Page 41 explains the frost detection and defrost cycle (up to 12 minutes max).

I like these cooling systems - much more efficient than window units and are scalable But that said - electric heating elements have less losses than any heat pump

The way I understand Reverse-Cycle Defrosting, is they turn on the AC mode
for a while to pump heat to the outdoor coil, melting the ice.
(No electric heating elements needed).
Which, it seems would only frost up if it was both cold and humid outside.
Around here in the winter, it stays pretty dry when it's cold..

From what I've read about regular heat pumps, it seems like they add on
some 10 or 20 KW heating elements to turn on when it gets real cold..
(Making your electric meter spin like crazy).

----
I don't understand what you mean by, "But that said - electric heating elements have less losses than any heat pump".

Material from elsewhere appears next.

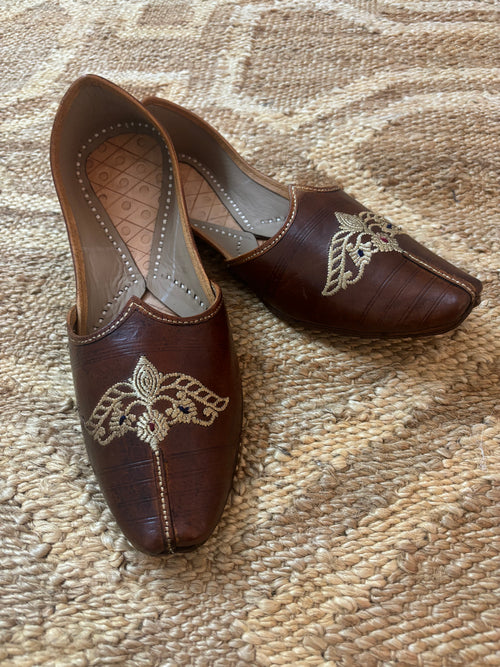Aariz Regal Embroidery Jutti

Isn't a heating element is just a direct 100% conversion of electrical power to heat??
Whereas a heat pump is just moving existing heat?
Comparing power usage vs BTU out, a space heater is 100% efficient
and a heat pump is about 300 or 400 percent efficient.?.
(At least this is what I've read)..

That low power use per BTU is the main reason heat pumps are so
popular these days.. Electrical baseboard heat around here (20 cents per KWH)
will do a job on your paycheck..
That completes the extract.